But many experts, citing continuing technical problems, say it could be 2050 before Americans see fuel-cell cars in large numbers.

Despite past disappointments, some environmental groups said they expect Ford to keep its word.

"Ford's move to increase hybrid production is a step in the right direction, and it places hybrids front and center in the future of the auto industry," said Dan Becker, director of the Sierra Club's global warming division. "I think they've learned their lesson (from broken promises in the past), and we take them at their word."

The recent run-up in gasoline prices -- following Hurricane Katrina and two years of war in Iraq that put a spotlight on the nation's dependence on foreign oil -- means that consumers are focused on fuel economy in a way they haven't been since the early 1980s.
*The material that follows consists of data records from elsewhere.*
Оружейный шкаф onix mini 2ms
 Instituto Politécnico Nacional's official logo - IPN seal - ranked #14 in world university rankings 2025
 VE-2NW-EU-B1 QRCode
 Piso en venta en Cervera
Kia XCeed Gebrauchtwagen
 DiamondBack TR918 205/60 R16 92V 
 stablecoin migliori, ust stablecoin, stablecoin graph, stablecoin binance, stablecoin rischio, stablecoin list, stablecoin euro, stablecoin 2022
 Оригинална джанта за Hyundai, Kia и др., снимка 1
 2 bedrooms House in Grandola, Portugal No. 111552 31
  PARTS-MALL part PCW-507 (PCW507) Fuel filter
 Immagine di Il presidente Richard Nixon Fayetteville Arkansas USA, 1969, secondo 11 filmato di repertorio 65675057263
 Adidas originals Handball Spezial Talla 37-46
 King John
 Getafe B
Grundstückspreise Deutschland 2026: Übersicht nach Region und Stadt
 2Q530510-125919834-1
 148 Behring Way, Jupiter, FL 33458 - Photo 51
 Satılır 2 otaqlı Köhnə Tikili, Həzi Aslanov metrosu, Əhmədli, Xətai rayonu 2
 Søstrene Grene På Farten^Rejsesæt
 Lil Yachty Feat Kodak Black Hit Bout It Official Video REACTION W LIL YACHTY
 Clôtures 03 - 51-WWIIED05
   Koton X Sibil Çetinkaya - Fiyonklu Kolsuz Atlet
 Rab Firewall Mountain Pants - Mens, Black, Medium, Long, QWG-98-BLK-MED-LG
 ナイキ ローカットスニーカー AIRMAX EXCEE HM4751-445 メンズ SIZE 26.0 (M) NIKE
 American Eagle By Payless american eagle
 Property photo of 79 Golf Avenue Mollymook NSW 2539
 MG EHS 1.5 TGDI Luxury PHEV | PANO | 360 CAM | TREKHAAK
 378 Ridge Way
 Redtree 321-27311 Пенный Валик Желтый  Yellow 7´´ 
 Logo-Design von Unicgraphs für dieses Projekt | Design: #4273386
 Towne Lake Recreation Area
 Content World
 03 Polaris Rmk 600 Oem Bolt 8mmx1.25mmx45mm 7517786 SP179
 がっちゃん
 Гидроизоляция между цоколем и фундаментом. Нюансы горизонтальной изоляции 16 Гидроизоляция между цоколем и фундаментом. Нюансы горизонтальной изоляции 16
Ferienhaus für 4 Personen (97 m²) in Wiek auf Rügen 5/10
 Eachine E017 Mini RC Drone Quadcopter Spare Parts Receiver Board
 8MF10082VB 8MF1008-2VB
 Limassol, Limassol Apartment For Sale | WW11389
If Ford sticks to its plan, it will surpass hybrid pioneer Honda in terms of models sold in the United States. Honda sold the first hybrid in the United States, the tiny Insight coupe, in 1999. It brought out hybrid versions of its Civic small car in 2002 and Accord sedan last year. Even with three models, Honda sells fewer than 50,000 hybrids a year.

Spokesman Chris Naughton said Honda is committed to a fourth hybrid model, but no decisions have been made about which vehicle or how soon it will come out.

"We very much wanted to bring the hybrid drivetrain to the mainstream," Naughton said. "We want to apply it to our best-selling vehicles."